As for this new life I’m heading towards, what happens next? Can I go to regular school or is it going to be one of those prestigious campuses that cost an arm and a leg to get into? It’s hard enough being a transfer student but if I have to go from having bars on our windows and regular cop patrols through the school to some fancy pants bullshit, I might actually run. It sucks not knowing anything, but I can’t bring myself to ask yet either. I just need something to be on my terms. My anxiety has my guard all the way up and it’s exhausting. Ugh, my head hurts. Here’s to hoping I can take another nap. My brain needs to shut down for a while so I can turn this around. Things are about to change. California ain’t ready for me, that’s for damn sure.
* * *
I wake with a start when Cecelia gently lays her hand on my shoulder,
 
; “we’re home sweet girl.” She says, softly.
I look up and realize Mrs.

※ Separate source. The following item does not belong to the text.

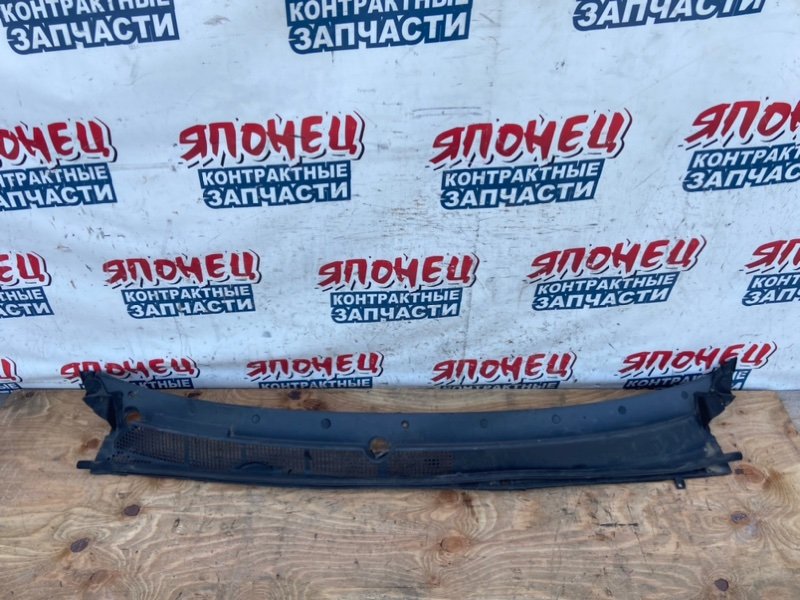 Планка под дворники HONDA STEPWGN RF1 B20B (б/у)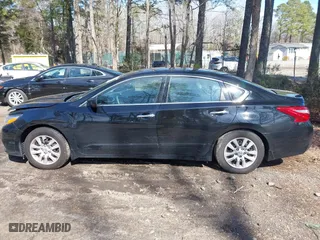 2017 Nissan Altima 2.5 SR with VIN 1N4AL3AP7HC236587, listed as a IAAI auction lot 41591452 with 101,429 mi miles. Bid and sale history available at carsss.com. Image 15.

Ward used the term house loosely when telling me I’d be moving in with my real mom, as this is a full blown estate. How could a child get kidnapped from this place? There’s a literal guard at a gated entry. Is my mom famous or something? What am I missing? We drive through the gate and down a long driveway and as we get closer, I notice the house is unlike anything I’ve ever seen outside of maybe a picture in a magazine.
It’s a plantation style white chateau, like some a modified variation of a manor you might find somewhere in the French quarter. It has a dark wooden porch on the lower level and the most intricately designed black balconies surrounding the upper level of the house, with deep crimson window accents. What looks to be two converted garages are on either side of the main house. The surrounding grounds are well maintained. The driveway ends in a large round-about that allows you to reach either garage and has a small walking path to the front door. There are two enormous palm trees, that from afar look to frame the main entrance, at the start of the path. Planters of big beautiful flowers ranging from a delicate ruby to a sophisticated wine coloring, hang strategically placed along the porch. There are two cozy mahogany porch swings swaying in the breeze on both sides of the massive crimson front door. I can’t believe I’m supposed to live here. This can’t be real.
“It’s... Wow. Definitely a few steps up from the dilapidated joke of a place I grew up. One time, a classmate tried to make fun of me for living in the ‘Jason shack’ and even though she wasn’t really wrong, I still knocked her out.” I say as I choke out a small humorless laugh.